For patients with locally advanced prostate cancer, combined treatment with chemotherapy and hormonal therapy offers prolonged control of prostate-specific antigen (PSA) levels, in comparison with hormonal therapy alone, reports a study within the April issue of The Journal of Urology^®, an Official Journal of the American Urological Association (AUA). The journal is published within the Lippincott portfolio by Wolters Kluwer.

Our clinical trial is the primary to indicate an extended time to biochemical reoccurrence with chemotherapy plus standard hormone therapy for patients with locally advanced, high-risk prostate cancer. The findings add recent evidence to support using combined chemohormonal therapy for a bunch of patients at high risk of recurrent, progressive prostate cancer.”

Jiahua Pan of Shanghai Jiao Tong University, People’s Republic of China

Chemohormonal therapy for high-risk, locally advanced prostate cancer

The randomized controlled trial included 141 men with locally advanced prostate cancer, by which cancer has spread outside the prostate to nearby tissues. All patients had clinical characteristics placing them at elevated risk of distant tumor spread (metastasis) after initial treatment.

In a 2:1 ratio, patients were randomly assigned to treatment with the chemotherapy agent docetaxel plus hormonal (androgen deprivation) therapy or hormonal therapy alone. In each groups, these “neoadjuvant” treatments were followed by surgery (radical prostatectomy and prolonged lymph node dissection).

The study focused on biochemical progression-free survival – control of serum PSA levels – as an indication of tumor control. Rising PSA levels are an early sign of recurrent or progressive prostate cancer. The study also checked out pathologic responses: whether the study treatments were effective in shrinking the prostate cancer before surgery.

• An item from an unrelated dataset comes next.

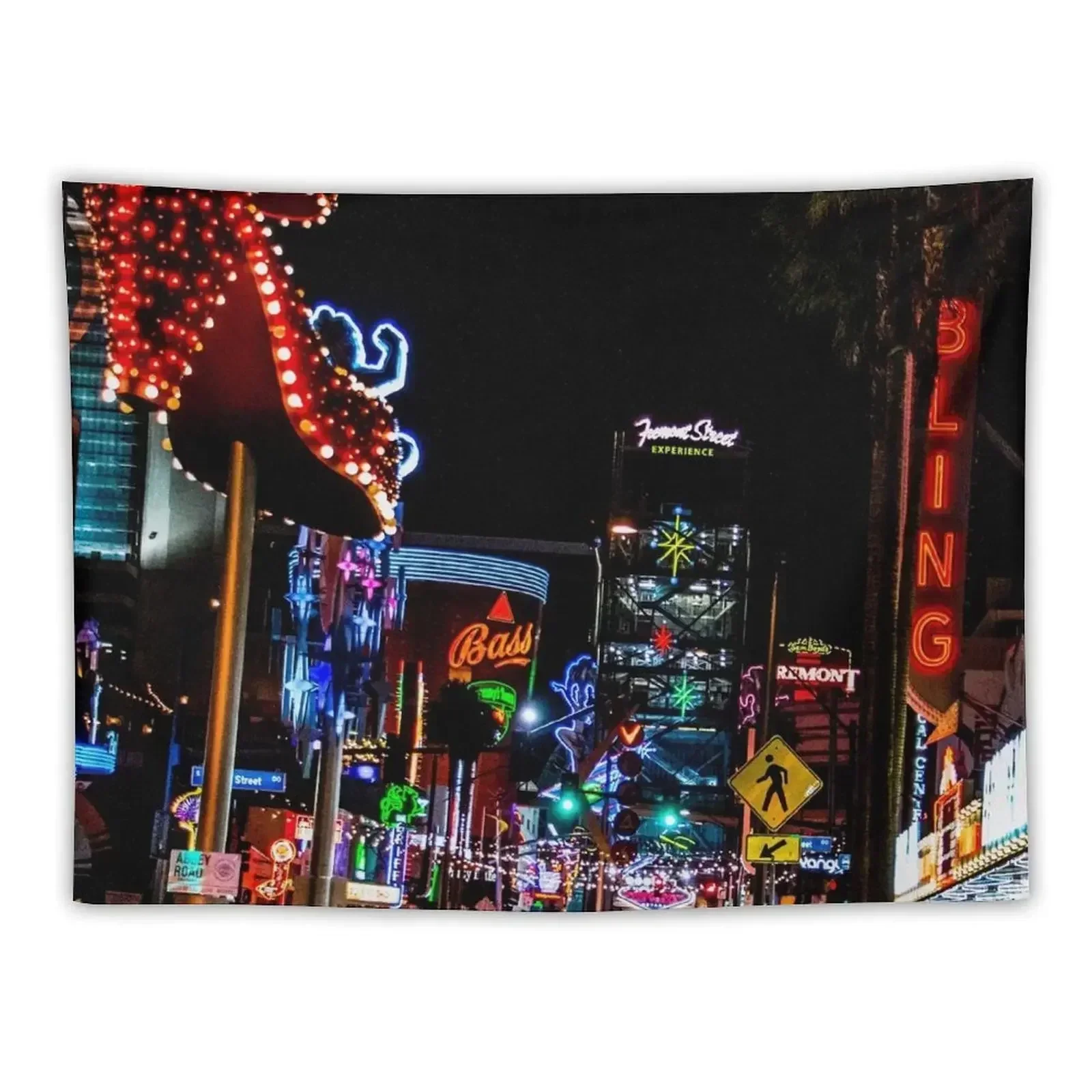 

Las Vegas Neon Lights Tapestry Mushroom Decorative Paintings Tapestry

Addition of chemotherapy prolongs time to rising PSA levels

Each groups had good pathologic responses: the cancer was “downstaged” before surgery in 65% of patients assigned to chemohormonal therapy and 48% of with hormonal therapy only. The 2 groups also had similar rates of minimal residual disease – only a small variety of cancer cells remaining after treatment.

Chemohormonal therapy had a greater effect on biochemical progression-free survival. At three years’ follow-up, 29% of patients receiving chemotherapy plus hormonal therapy remained freed from rising PSA levels, in comparison with 9.5% with hormonal therapy only.

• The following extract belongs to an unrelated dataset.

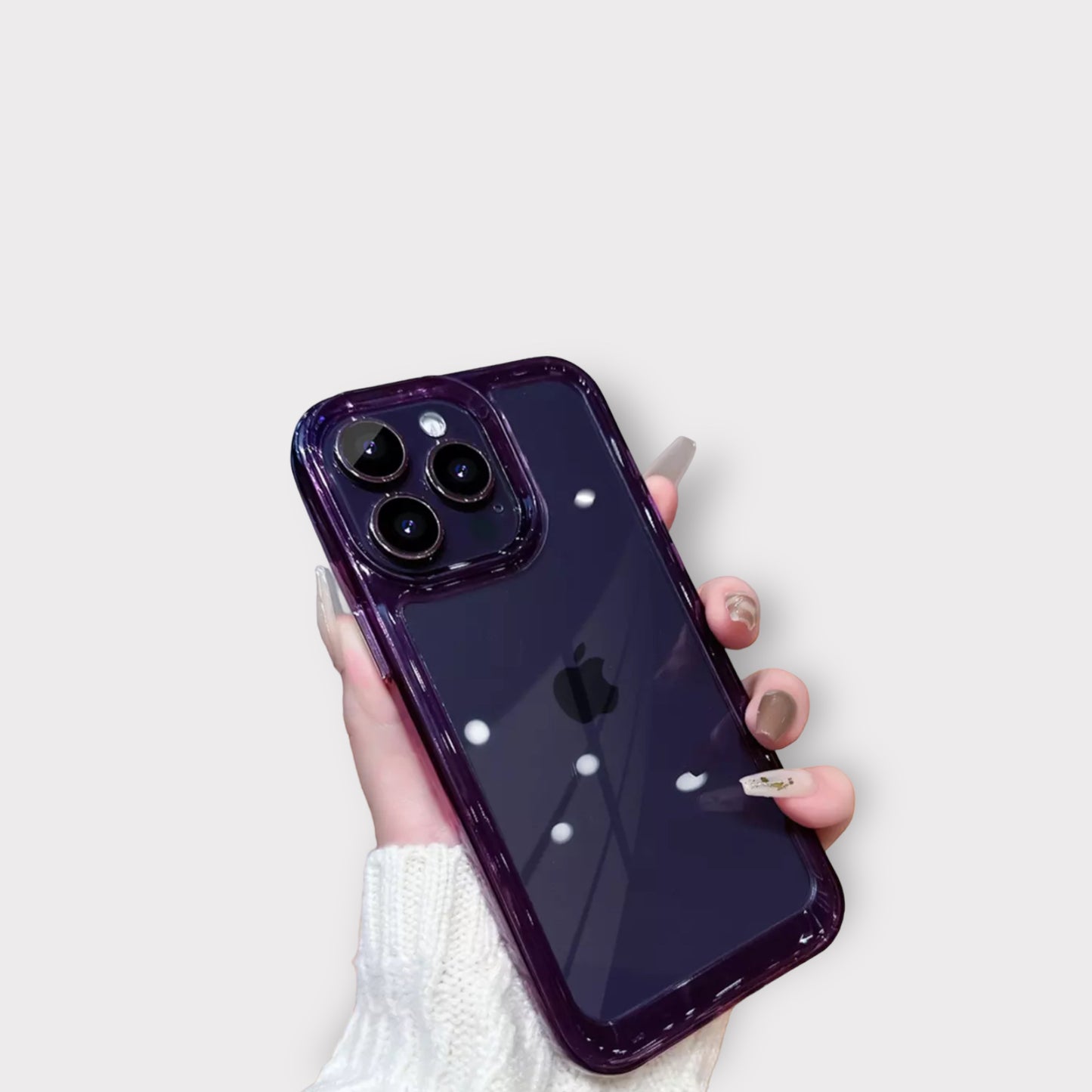 Durchsichtig farbig - iPhone 13 Handyhülle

Median time to rising PSA levels was 17 months with chemohormonal therapy versus 14 months with hormonal therapy alone. Patients receiving chemotherapy also had a better treatment-free survival rate: 8.5% required no further prostate cancer treatment through five years’ follow-up. The 2 groups had similarly low complication and hostile event rates.

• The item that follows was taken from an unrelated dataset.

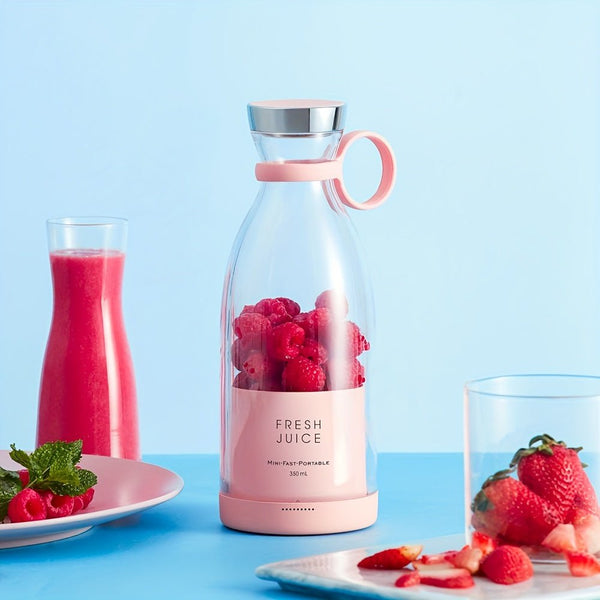 11.83oz Portable Electric Wireless Mini Fruit Blender Juicer - Perfect for On - the - Go! - Luxelstore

By itself, neoadjuvant hormonal therapy can improve tumor control in locally advanced prostate cancer, but studies have shown limited effects on patient survival. The mixture of docetaxel chemotherapy and hormonal therapy has yielded inconsistent results, likely reflecting differences between studies.

The brand new study is the primary to indicate improvement in biochemical reoccurrence rate with chemohormonal therapy on this group of patients. The outcomes also point to possible improvements in other essential outcomes.

The authors note that their study is proscribed by relatively short follow-up times – making it not possible to guage the consequences on “more clinically significant endpoints,” including overall survival and risk of death as a result of prostate cancer. “Our study suggests that neoadjuvant docetaxel-based chemotherapy could bring significant improvement for patients,” the researchers write. They emphasize, “longer follow-up is required for more supportive evidence.”